Continuing my work on the combat module, and finishing up the start module! Some updates…
While studying a hex dump of Castle of Tharrogad for the Color Computer 3, I noticed an interesting data pattern… All the text strings had a curious high-value ASCII character at the end instead of the expected letter. I realized that they were using the topmost bit as an end-of-line indicator.
Most “strings” in assembly either use a length value (A byte typically, which means your string can be a maximum of 255 characters) or a null terminator at the end of the string. (typically a 0-byte) In the case of both methods, every string takes up it’s characters in memory + 1. But with a bit-delimited method, it takes up exactly it’s size!

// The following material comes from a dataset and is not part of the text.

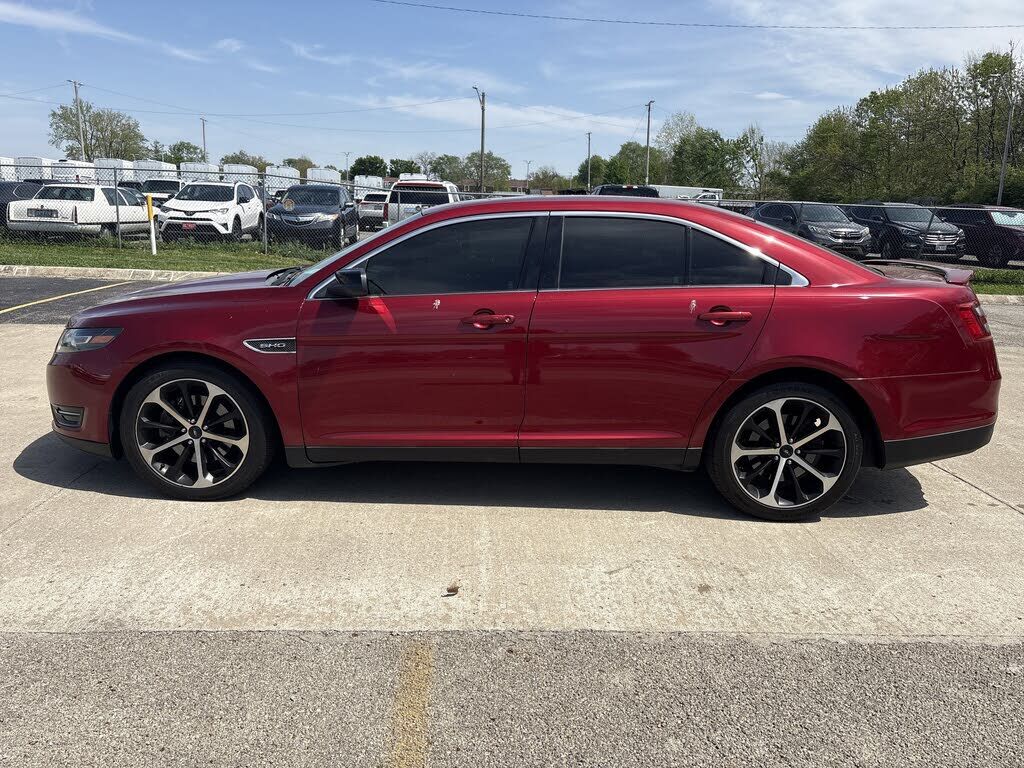 2016 FORD Taurus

Now you may ask, quite fairly, what does one byte per string matter? Even on a vintage system it’s not THAT much. But in practice, I found I was wasting a lot of instructions to populate the necessary registers to write text to screen. Plus, using the standard multiple byte write routine, you would have to push the length byte into a register then shift it to make it a word value, resulting in burning six bytes of instruction space for EVERY text string.
I wrote a specific text-to-video routine which looks for that bit, and only stops writing when it encounters it. It also can move through entire blocks of sequential text, so that I can only set two values (screen address and text address) at the start, and just change the screen pointer for the rest! The result is my interfaces can be built much more efficiently in memory without a great deal of trade off in performance.
I also made some adjustments so that I could start using compressed text in memory for the Start module. This became necessary as raw uncompressed text pushed the module size to close to the limit. I reclaimed over 2K in space by using compression and the natural text block writing system the game natively uses.
For the battlemap work, after writing out various designs and trying different edge cases, I think I finally hit upon a workable method. Here’s how it will work…
A few years back, I wrote a TI-BASIC game called Aperture, a simple version of Portal. (Which you can find on the TI Game Shelf.) It features 16 different levels with a wide variety of features. How did I do it? I used a procedural generation process, storing different drawing operations such as horizontal line, vertical line, box, and so forth, as well as placement of special objects. Each level took up a couple hundred bytes of dataspace on average; the more complex the level design the more it took.
I realized that this kind of system would work for battlemaps too. When you want to draw features in a two-dimensional format, you’ll find most linear compression methods are very binary; either they are fantastically good or extremely inefficient. This defeats that making the complexity of the screen the only limitation.
The design is as follows:
- Each tile has a “code” indicating it’s general type such as grass, hills, forest, and so forth
- Up to 16 character patterns are loaded from memory for the battlemap, some are indicated as “open” spaces and others as “blocked”
- The various patterns (relatively stored as 0-15) are drawn and plotted. Some methods will scatter patterns at random
- If you have blocking tiles surrounding the player, these tiles are used to draw “walls” for dungeon and building corridors
- For each map, a common “wall” and “floor” are stored in the map array data in the event that it can’t determine an exact type
My rough calculations right now show that I should be able to store all the battlemap generation data in around 1 kilobyte. That should be workable!